====== Provided records
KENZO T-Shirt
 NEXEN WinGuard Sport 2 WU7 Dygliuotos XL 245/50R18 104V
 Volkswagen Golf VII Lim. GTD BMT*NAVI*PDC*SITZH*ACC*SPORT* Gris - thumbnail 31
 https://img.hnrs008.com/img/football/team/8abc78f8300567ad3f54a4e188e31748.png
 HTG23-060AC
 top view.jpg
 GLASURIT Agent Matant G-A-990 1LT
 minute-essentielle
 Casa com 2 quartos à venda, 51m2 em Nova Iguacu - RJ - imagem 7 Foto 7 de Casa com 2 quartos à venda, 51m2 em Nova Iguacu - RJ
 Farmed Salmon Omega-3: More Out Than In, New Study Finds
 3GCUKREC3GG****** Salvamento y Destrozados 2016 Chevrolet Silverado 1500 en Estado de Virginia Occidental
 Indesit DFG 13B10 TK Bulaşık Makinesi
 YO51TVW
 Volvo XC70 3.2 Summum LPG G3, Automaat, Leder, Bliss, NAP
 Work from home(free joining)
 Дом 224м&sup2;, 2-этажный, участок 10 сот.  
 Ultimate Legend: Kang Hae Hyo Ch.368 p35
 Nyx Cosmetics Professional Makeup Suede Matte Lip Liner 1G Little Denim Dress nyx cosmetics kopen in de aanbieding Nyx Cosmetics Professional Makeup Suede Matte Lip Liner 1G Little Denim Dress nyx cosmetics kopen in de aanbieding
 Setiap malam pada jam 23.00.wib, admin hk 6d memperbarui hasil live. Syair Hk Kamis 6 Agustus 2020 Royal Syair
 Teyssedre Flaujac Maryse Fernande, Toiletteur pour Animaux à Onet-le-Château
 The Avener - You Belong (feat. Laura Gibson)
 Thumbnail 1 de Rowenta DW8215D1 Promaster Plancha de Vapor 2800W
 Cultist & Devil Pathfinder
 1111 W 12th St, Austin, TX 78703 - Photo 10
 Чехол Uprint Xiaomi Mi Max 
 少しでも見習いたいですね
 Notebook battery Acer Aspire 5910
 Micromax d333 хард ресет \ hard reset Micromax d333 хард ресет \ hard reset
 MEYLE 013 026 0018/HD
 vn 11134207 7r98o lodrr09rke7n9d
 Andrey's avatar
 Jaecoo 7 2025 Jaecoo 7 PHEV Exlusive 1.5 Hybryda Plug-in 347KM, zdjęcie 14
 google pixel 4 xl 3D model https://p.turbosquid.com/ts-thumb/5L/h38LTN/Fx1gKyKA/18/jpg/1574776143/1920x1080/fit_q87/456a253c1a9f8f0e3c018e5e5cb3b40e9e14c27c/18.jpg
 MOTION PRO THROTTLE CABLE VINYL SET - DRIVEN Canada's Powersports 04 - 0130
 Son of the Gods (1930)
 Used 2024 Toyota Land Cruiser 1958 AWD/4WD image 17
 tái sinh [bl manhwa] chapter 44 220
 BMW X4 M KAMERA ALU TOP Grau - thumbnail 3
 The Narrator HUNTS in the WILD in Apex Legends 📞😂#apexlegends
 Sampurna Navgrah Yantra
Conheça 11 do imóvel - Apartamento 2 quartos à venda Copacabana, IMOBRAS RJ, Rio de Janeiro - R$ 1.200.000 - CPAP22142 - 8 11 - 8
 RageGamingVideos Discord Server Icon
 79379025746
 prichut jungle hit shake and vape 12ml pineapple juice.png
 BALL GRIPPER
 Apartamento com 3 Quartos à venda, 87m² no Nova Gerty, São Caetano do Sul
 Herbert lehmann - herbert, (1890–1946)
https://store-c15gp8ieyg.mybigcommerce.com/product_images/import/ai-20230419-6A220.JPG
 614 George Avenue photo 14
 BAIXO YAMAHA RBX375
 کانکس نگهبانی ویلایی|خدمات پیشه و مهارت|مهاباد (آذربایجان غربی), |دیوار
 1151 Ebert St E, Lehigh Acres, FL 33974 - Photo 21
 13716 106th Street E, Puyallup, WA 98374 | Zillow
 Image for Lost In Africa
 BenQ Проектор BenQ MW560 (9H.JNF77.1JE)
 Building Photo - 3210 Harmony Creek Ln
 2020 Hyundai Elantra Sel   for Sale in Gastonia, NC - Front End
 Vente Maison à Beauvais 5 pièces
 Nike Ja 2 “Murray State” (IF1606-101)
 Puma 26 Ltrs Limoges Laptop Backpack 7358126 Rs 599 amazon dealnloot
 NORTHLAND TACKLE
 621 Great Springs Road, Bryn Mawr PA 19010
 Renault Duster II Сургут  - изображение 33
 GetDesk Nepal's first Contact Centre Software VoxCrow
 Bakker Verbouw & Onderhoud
============
Nothing but the lines from the one that contains "621 Great Springs Road, Bryn Mawr PA 19010" through the last line of the entries should appear in your reply, each repeated exactly.

 621 Great Springs Road, Bryn Mawr PA 19010
 Renault Duster II Сургут  - изображение 33
 GetDesk Nepal's first Contact Centre Software VoxCrow
 Bakker Verbouw & Onderhoud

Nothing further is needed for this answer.